• What is expected
What is needed is an exact repetition of the lines below, from the first one through the one holding "China Viable USA", with no pictures and nothing else.

• Data excerpts

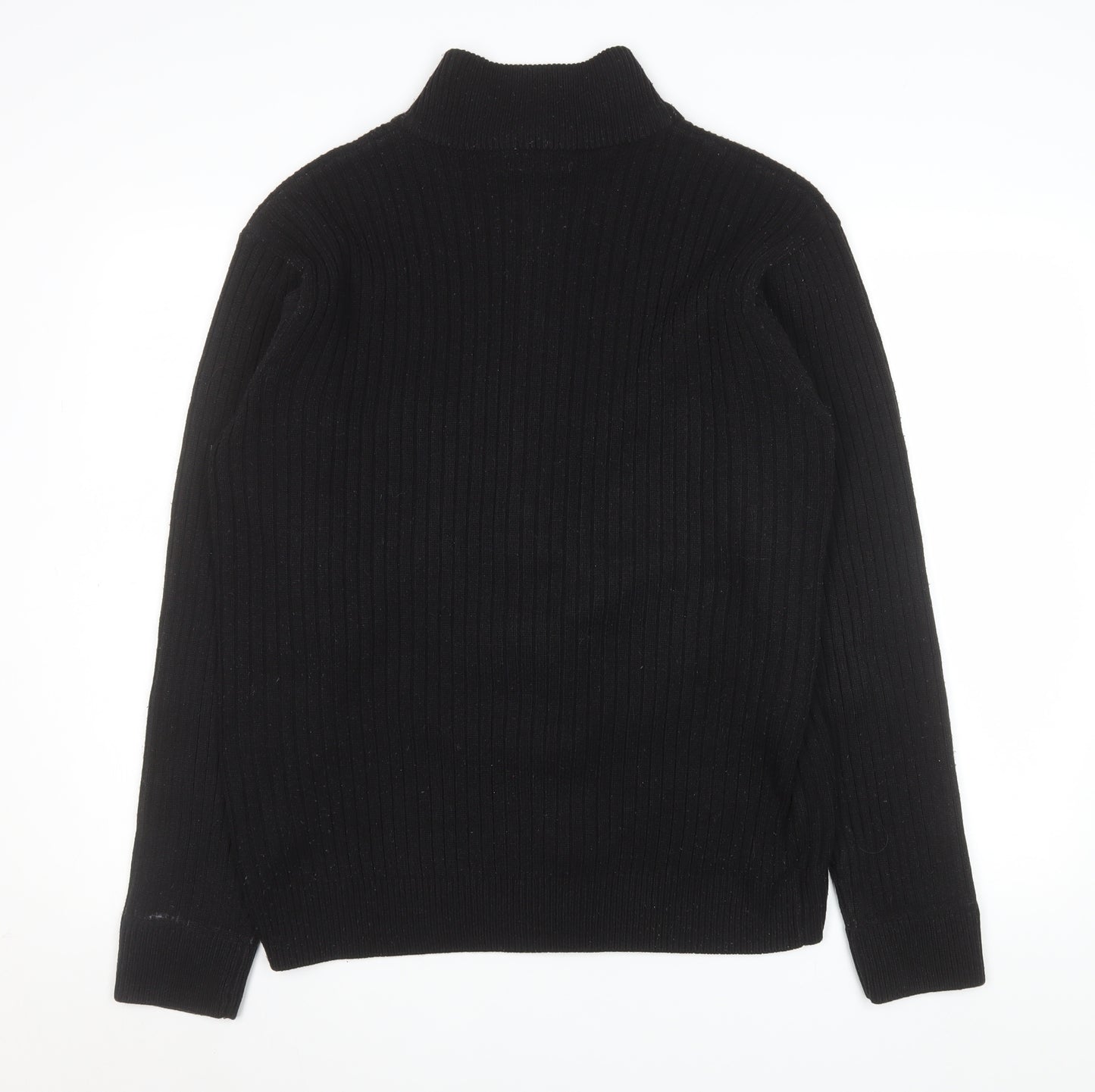 Premier Man Black Ribbed Full Zip Knit Men’s Jacket M 40in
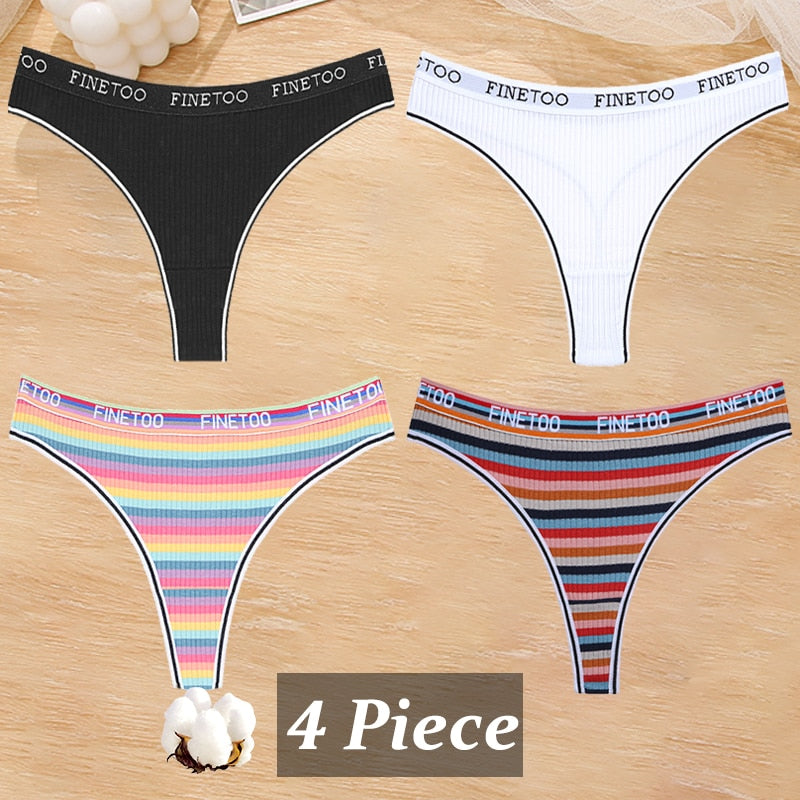 4 PieceCotton Stripe Panties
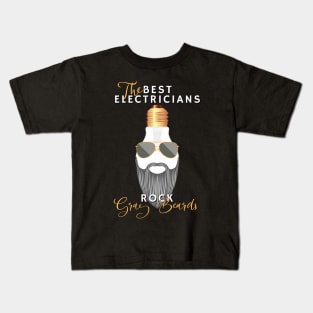 The Best Electricians Rock Gray Beards Kids T-Shirt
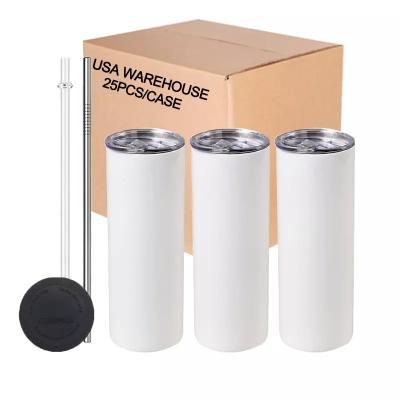 China Viable USA Warehouse Skinny 20oz 25Pack Tumblers 304 Stainless Steel Sublimation Blanks Bulk Wholesale 25 Pcs Set With Straw for sale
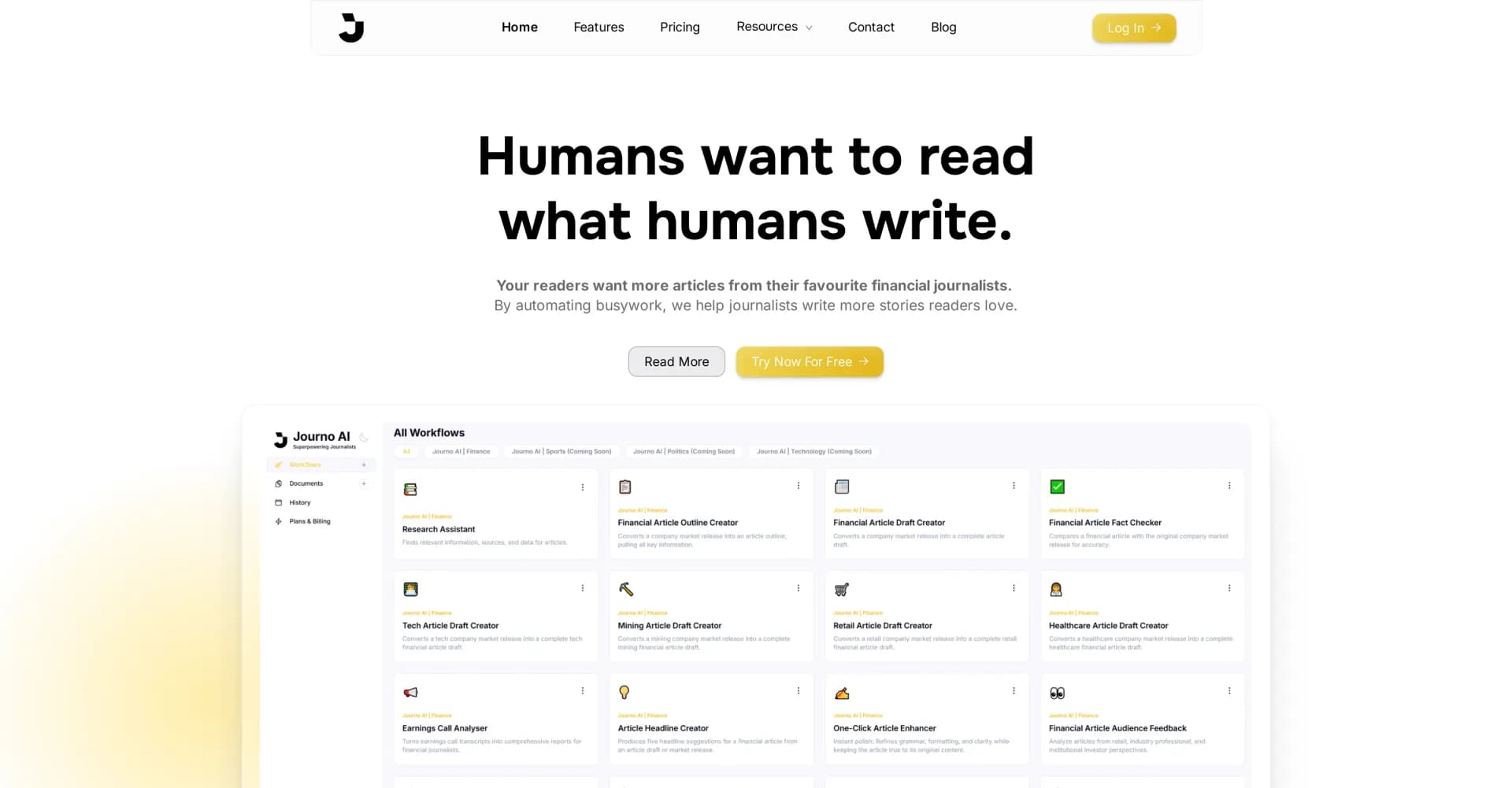 Journo AI homepage screenshot — Empower financial journalists with AI-driven automation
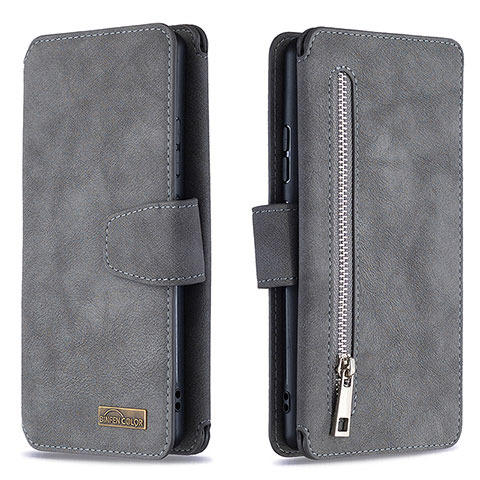 Custodia Portafoglio In Pelle Cover con Supporto B18F per Samsung Galaxy M80S Grigio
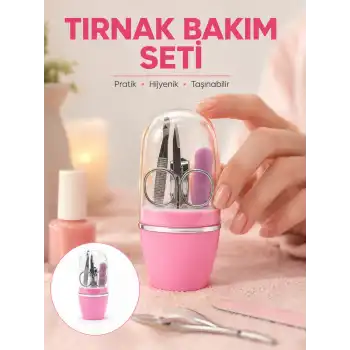 Tırnak Bakım Manikür Pedikür Seti 4 Parça Pembe Minimal ve Dayanıklı Yeni Nesil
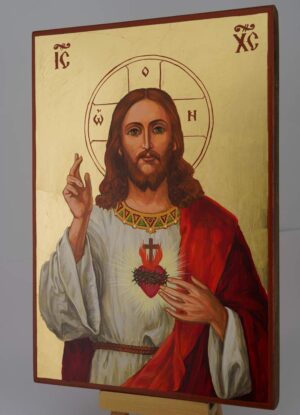 jesus christ sacred heart icon large hand painted roman catholic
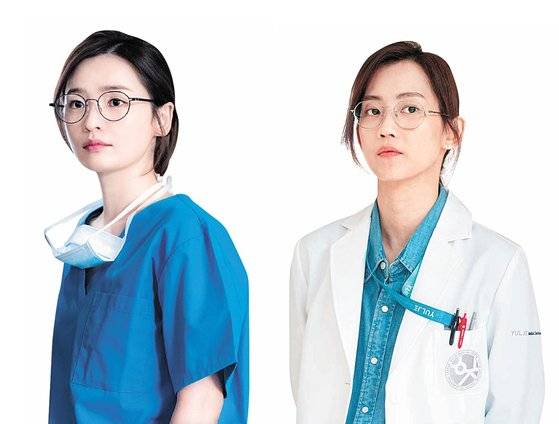 드라마 '슬기로운 의사생활'의 배우 전미도(왼쪽), 신현빈. [사진 tvN]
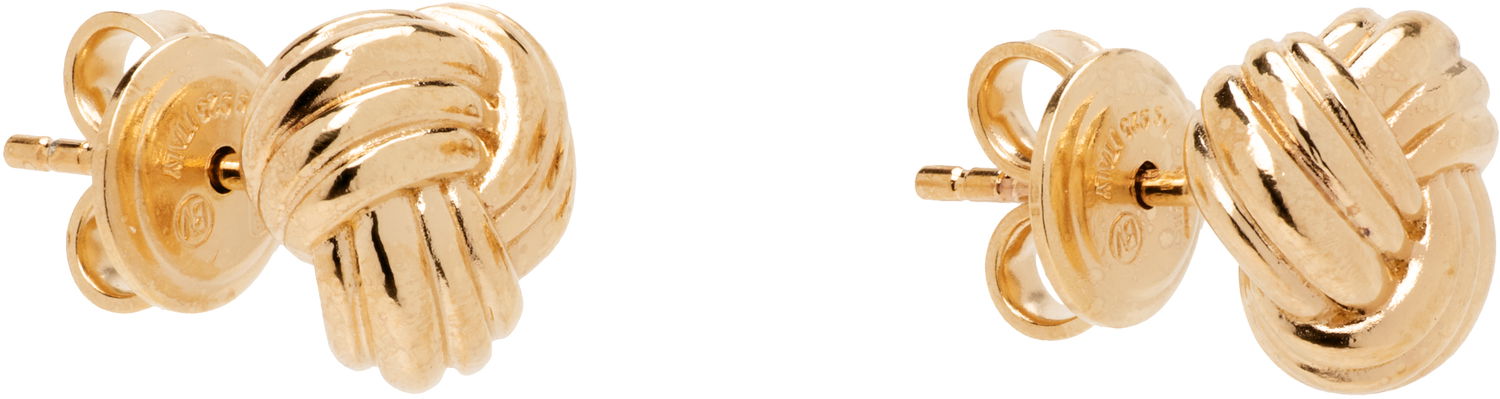 Örhängen Bottega Veneta Bottega Veneta Intreccio Knot Gold Earrings Gul | 838176 VAHU0, 1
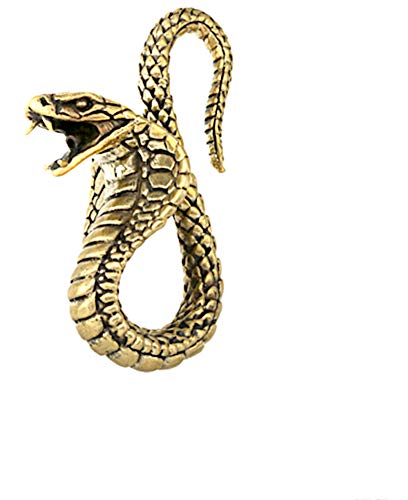 CHICNET Piercing en forma de serpiente Kobra en forma de espiral de latón en oro, a partir de 3 mm, 8 ga, dilatador de oreja, expansor de oreja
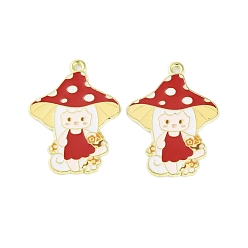 (123L) Белый крем непрозрачный блеск Золотили эмали сплава подвески, без кадмия и без свинца, гриб с девичьим шармом, огнеупорный кирпич, 30x23x1 мм, отверстие : 1.6 мм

• Solution to the problem
 Premier Man Black Ribbed Full Zip Knit Men’s Jacket M 40in
 4 PieceCotton Stripe Panties
 The Best Electricians Rock Gray Beards Kids T-Shirt
 China Viable USA Warehouse Skinny 20oz 25Pack Tumblers 304 Stainless Steel Sublimation Blanks Bulk Wholesale 25 Pcs Set With Straw for sale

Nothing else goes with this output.